AM: I always think it is weird/awesome when popular products are co-branded with others or just sold outside their usual category. In fact I often end up buying the co-branded product when I would never have bought the original. I mean, 7up flavored Popsicles? YES. But 7up yours on your own, 7up. Wait I can buy Taco Bell salsa in the grocery store? I don't buy regular "restaurant style" Taco Bell lest my toilet be party to a red scare, but bring that salsa on. Holy fuck there is a Velveeta Sheels n Cheese that features Hormel bacon bits in it? If I could divine a way to make love to that unholy alliance it would already be done, and our children would feed the entire non-Muslim population of Africa. DiGiorno now sells cookies and pizza in the same box. Stoners everywhere calmly cool the fuck out and rejoice, man.

Keeping this in mind, what name brand products do you think are a match made in heaven and simply must be combined? Are there any fast food or restaurant staples you'd rub out a wax dart in aisle 3 (cleanup in aisle 3 btw) over if they ever popped up? Which combination would be most like to bring about the downfall of humanity? I'll hang up and listen to your answer.
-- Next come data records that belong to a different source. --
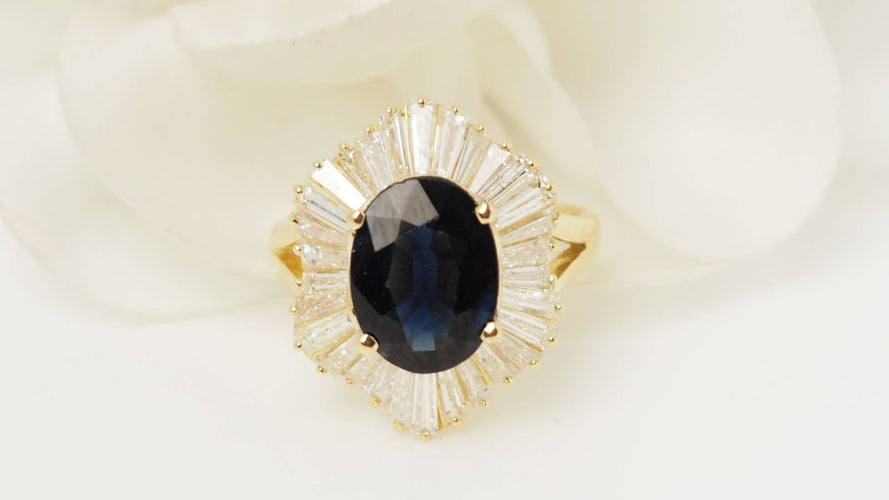 Bague 54 Bague Jupe en or jaune, saphir ovale et diamants 58 Facettes 32522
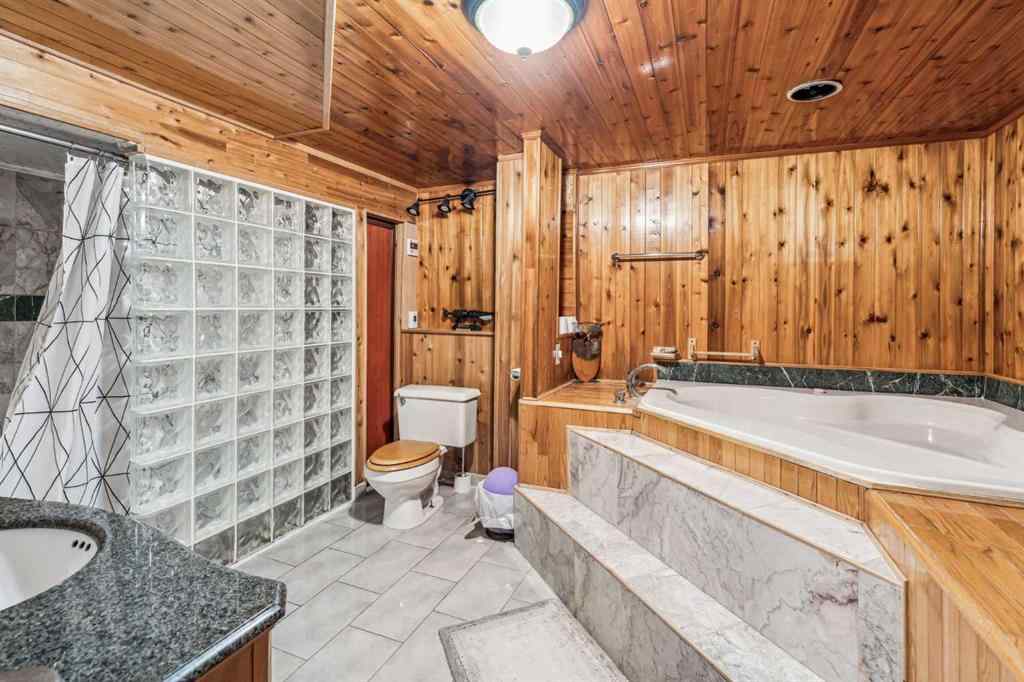 MLS® A2264510 - 663 10 Avenue S in NONE Carstairs, Residential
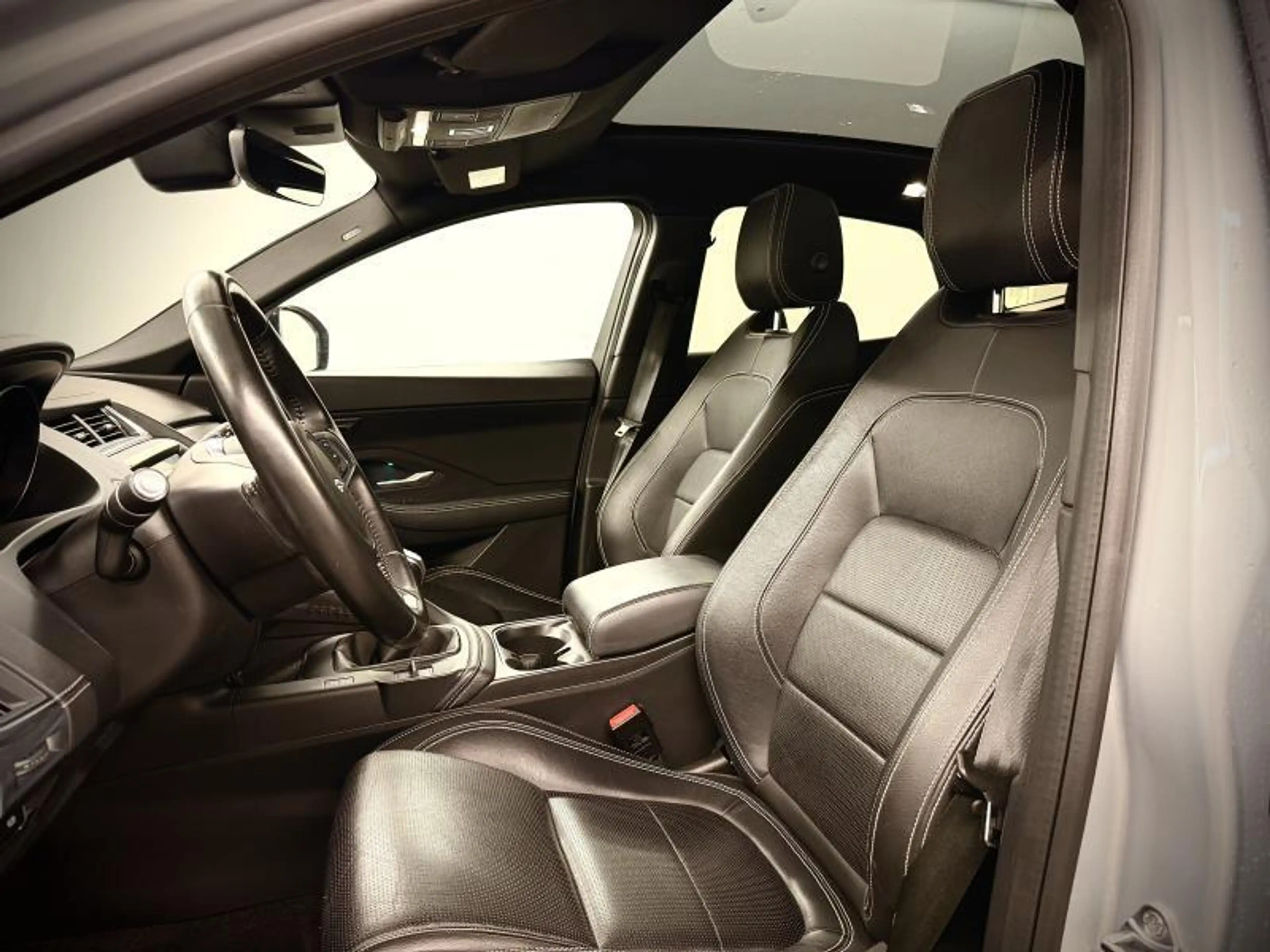 Jaguar E-Pace R-Dynamic SE D150 — photo 11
I have thought about this far too often to be normal, and never really talked about it because I thought it was a uniquely "me" thing and far too weird and embarrassing to share publicly. Sort of like how when you first start jerking it you think you're a psychotic freak and no one would talk to you ever again if they knew what you were secretly doing until you find out that literally every person has been jerking like a mad man and between 2 and 3X more frequently than you. This realization isn't THAT liberating (nothing ever will be again), but it's in the same neighborhood.

At this point, it seems like the combinations that DO exist are way down the totem pole on the potential combinations. Like, Digiorno and breadsticks. Meh.. can already get that, Digiorno. Taco Bell salsa. Do they even HAVE salsa at Taco Bell? The awesome combinations that do exist seem to be in the realm of desserts. Actual Oreo ice cream (rather than the pretend Oreos that comprise most "cookies and cream" contraptions).. boner pants. Snickers Ice Cream Bars. Oreo breakfast bars. Golden graham breakfast bars. (with real marshmellows!) All of these things are that rare breed of awesome in that they're so awesome I avoid buying them because I know that actually purchasing any of these things will result in me eating the entire package within 18 hours of purchase and then wondering why my pants hardly fit.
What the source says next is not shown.